エピローグ
目を覚ますと、いつもの臭い排水溝の中だった。体を動かすことはできなかった。鳴くこともできない。やっぱりもうだめだ。と思った。
あたりは真っ暗な闇だった。
不思議と闇は怖くなかった。
夜空が見たい、と思った。
「こっちこっち!最近この辺から仔猫の声が聞こえるのよ。」
声が聞こえる。
「まだいるかなぁ?逃げちゃってないといいんだけど。」
「あっ!あの奥に白いのが見えるよ!!あー!いるいる!!!」
鼻先になんだかいい匂いのするものを近づけられた。
舐めてみる。うまい。
うわ、なんだこれすごいうまい。
うまいうまいうまいうまい。
「うわぁ〜、お腹へってたんだねぇ。凄い勢いで舐めてるよ。」
「うみゃうみゃ言いながら食べてる…可愛い…。

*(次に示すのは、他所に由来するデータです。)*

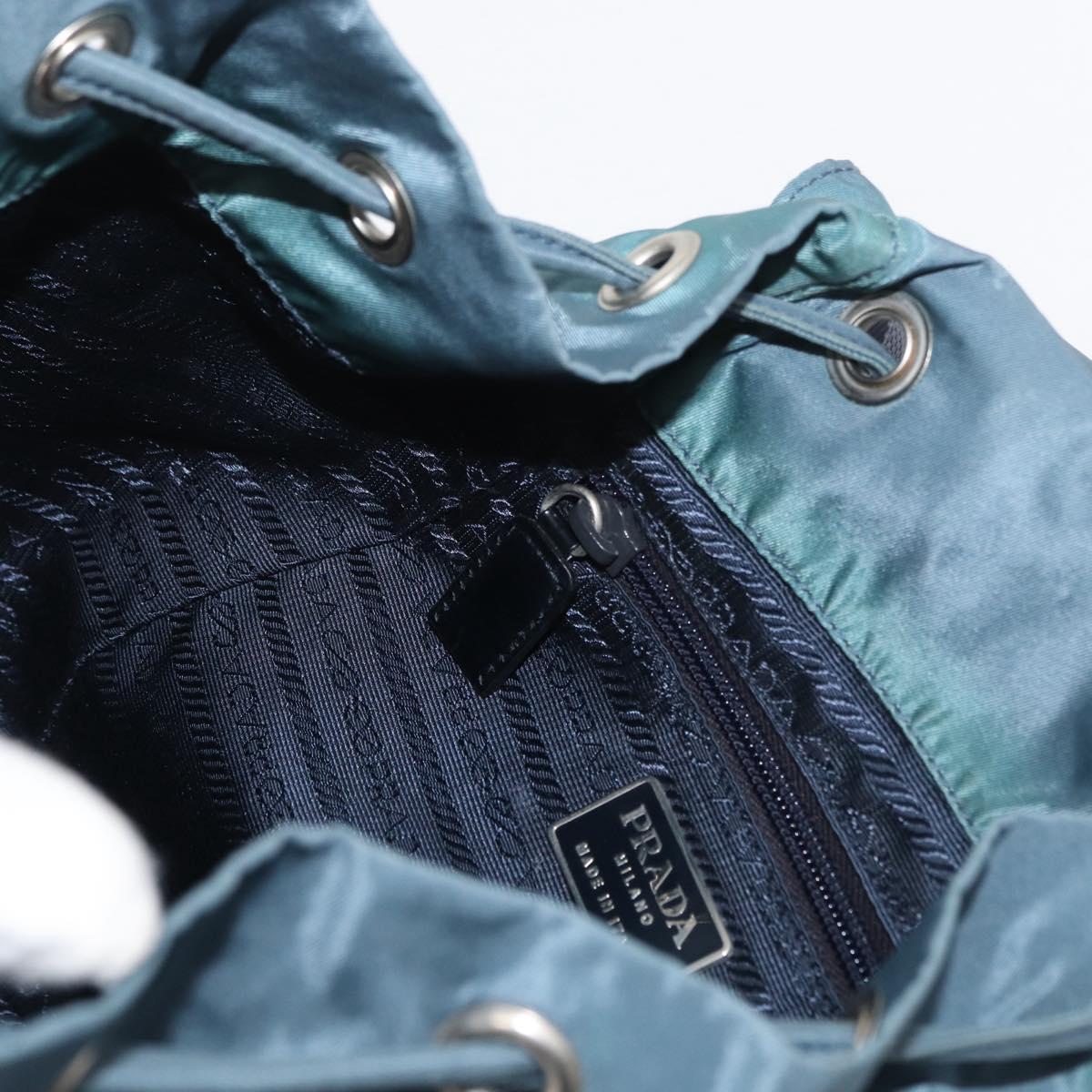 PRADA Backpack Nylon Blue Silver Auth 85634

」
うまいものを夢中で食べているうちに引きずりだされた。ふわふわの温かいものに包まれて、心地が良かった。なんだかこの感触を覚えている気がする。お腹がいっぱいになって安心したら眠くなってきた。
見上げた空には、まばらに静かに瞬く星たちと、一際強く輝くひとつ星が見えた。